[MATERIAL FOR THE TASK — start]

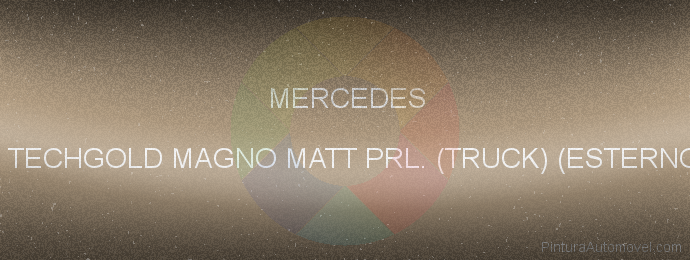 Pintura Mercedes 1190 Techgold Magno Matt Prl. (truck) (esterno-ruo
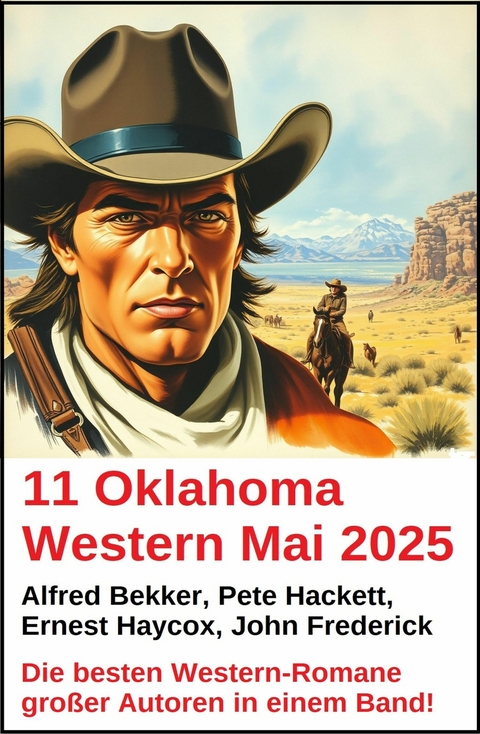 11 Oklahoma Western Mai 2025 -  Alfred Bekker,  Pete Hackett,  John Frederick,  Ernest Haycox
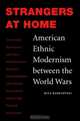 Strangers At Home: American Ethnic Modernism Between The World Wars, Rita Keresztesi 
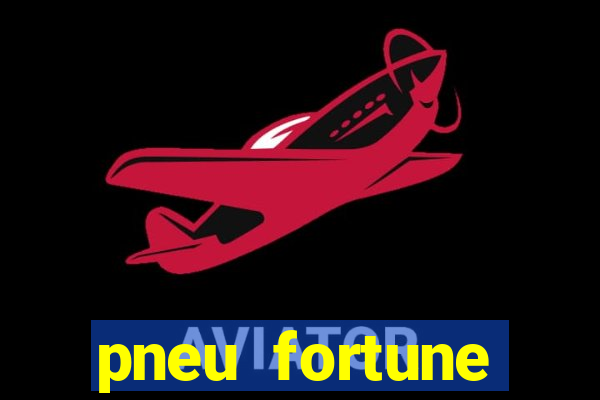 pneu fortune reclame aqui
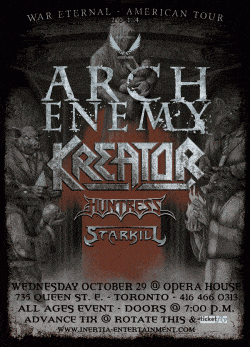 Arch Enemy, Kreator, Huntress & Starkill tickets - Toronto, ON - Inertia Entertainment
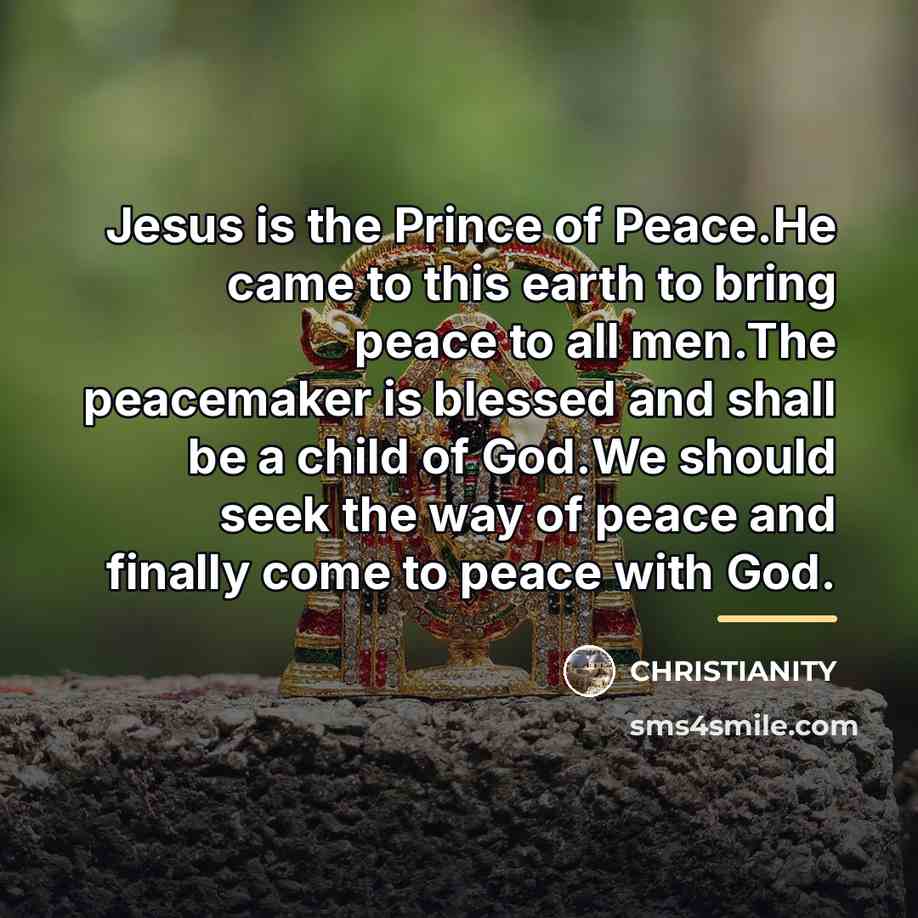 “Jesus is the Prince of Peace.He came to this earth…” quote by CHRISTIANITY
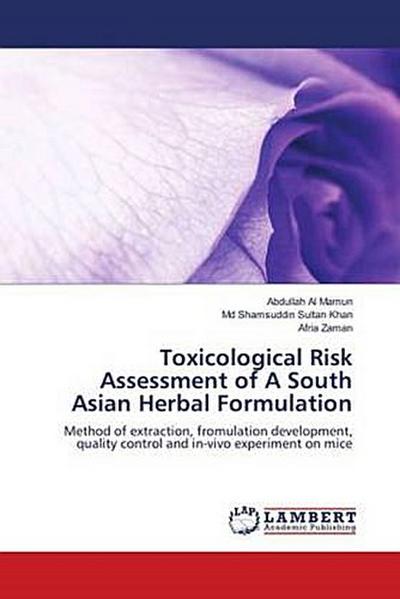 Toxicological Risk Assessment of A South Asian Herbal Formulation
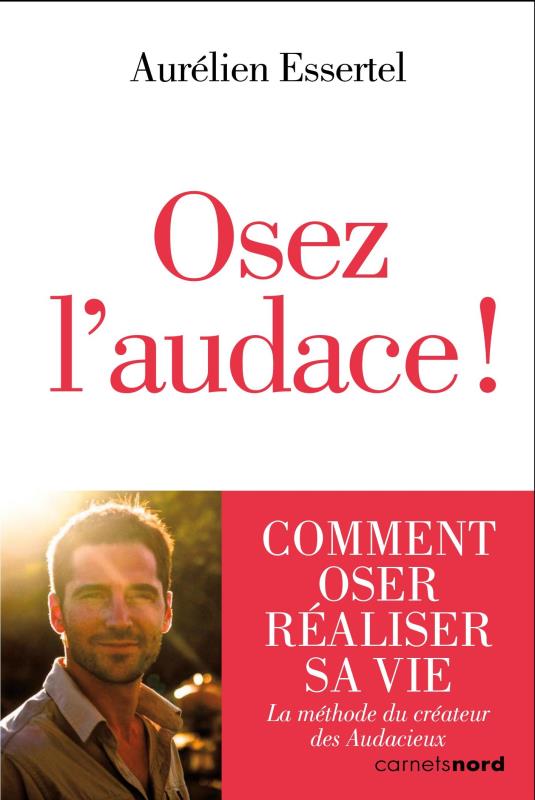 OSEZ L AUDACE !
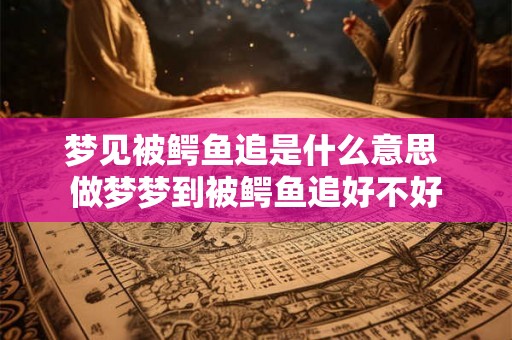 梦见被鳄鱼追是什么意思 做梦梦到被鳄鱼追好不好 梦见被鳄鱼追是什么意思 做梦梦到被鳄鱼追好不好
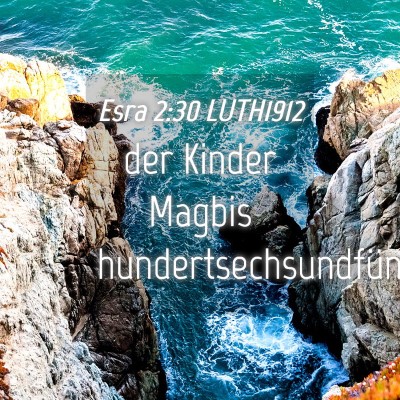 Picture 04 - Esra 2:30 LUTH1912 - der Kinder Magbis - Bible Verse Picture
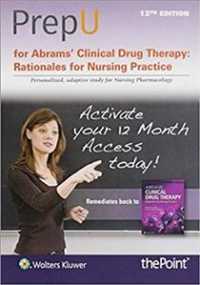 Abrams' Clinical Drug Therapy PrepU Access Code : Rationales for Nursing Practice （12 PSC）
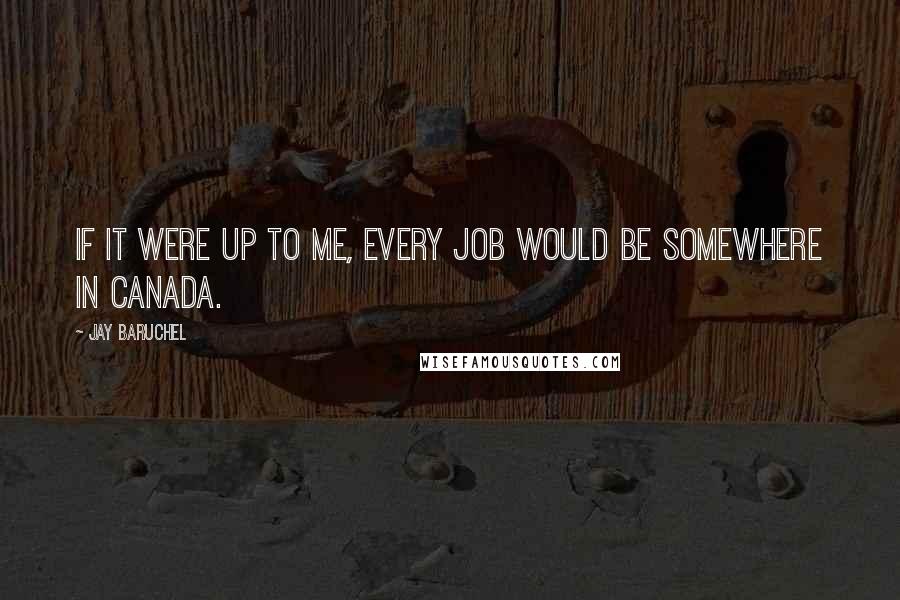 Jay Baruchel Quotes: If it were up to me, every job would be somewhere in Canada.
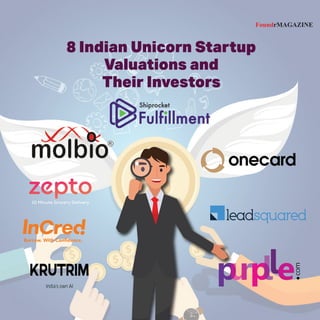 FoundrMAGAZINE
8 Indian Unicorn Startup
Valuations and
Their Investors
 
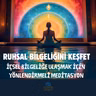RUHSAL BİLGELİĞİNİ KEŞFET : İçsel Bilgeliğine Erişmek İçin Yönlendirmeli Meditasyon #meditasyon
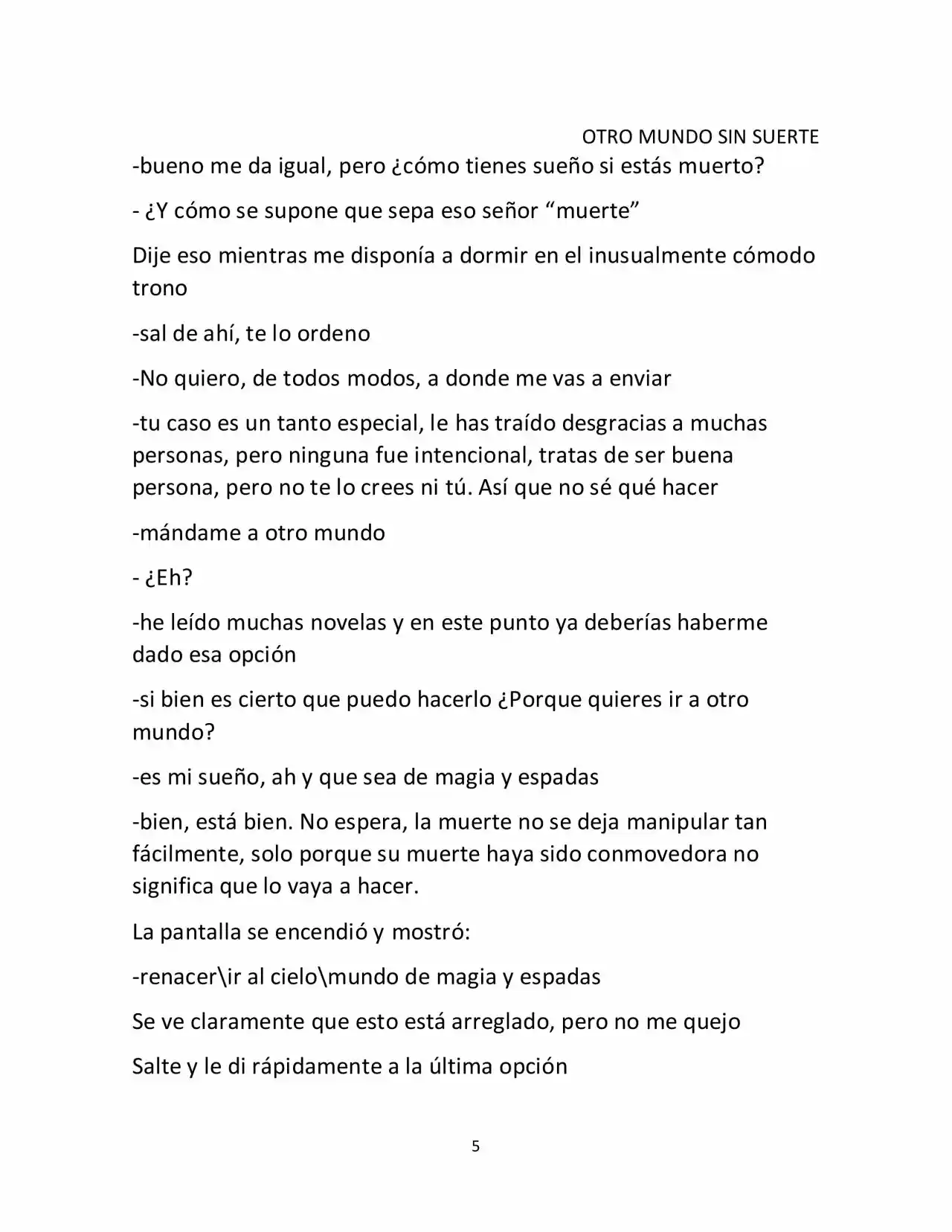 Otro Mundo Sin Suerte (Novela) - Capítulo 1 - Página 5 - LectorTMOo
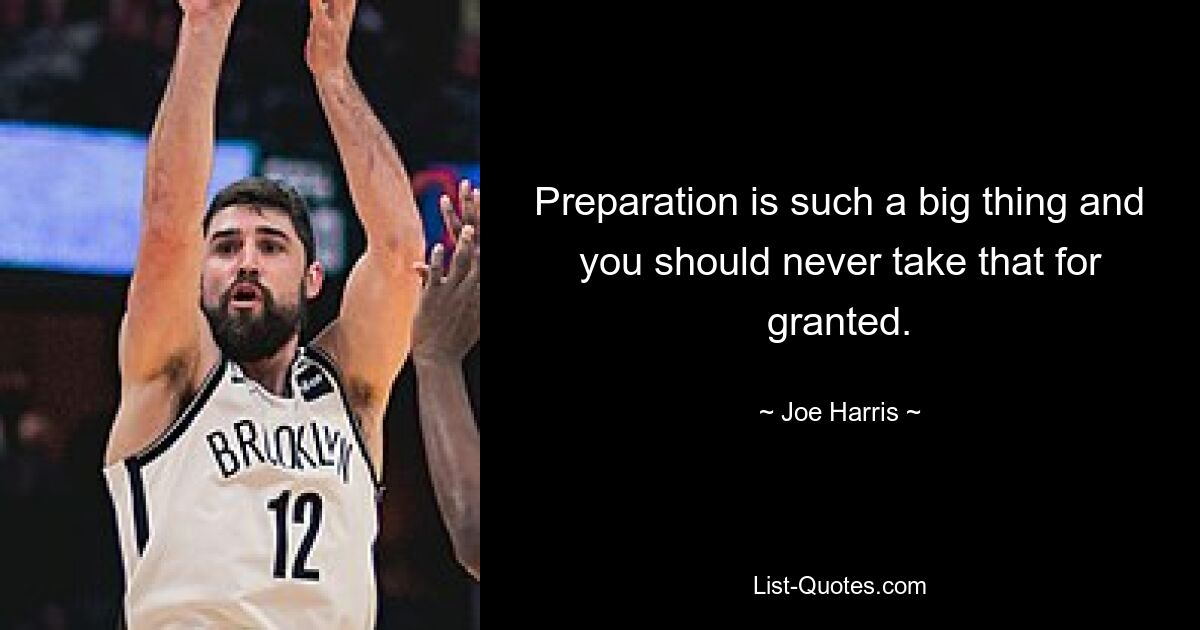 Preparation is such a big thing and you should never take that for granted. — © Joe Harris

[MATERIAL FOR THE TASK — finish]

» YOUR INSTRUCTIONS
Please set down exactly the lines from the first line of the data above through the line with "Strangers At Home: American", both included, leaving out the pictures.

» ANSWER TO THIS PROBLEM
 Pintura Mercedes 1190 Techgold Magno Matt Prl. (truck) (esterno-ruo
 11 Oklahoma Western Mai 2025 -  Alfred Bekker,  Pete Hackett,  John Frederick,  Ernest Haycox
 Strangers At Home: American Ethnic Modernism Between The World Wars, Rita Keresztesi 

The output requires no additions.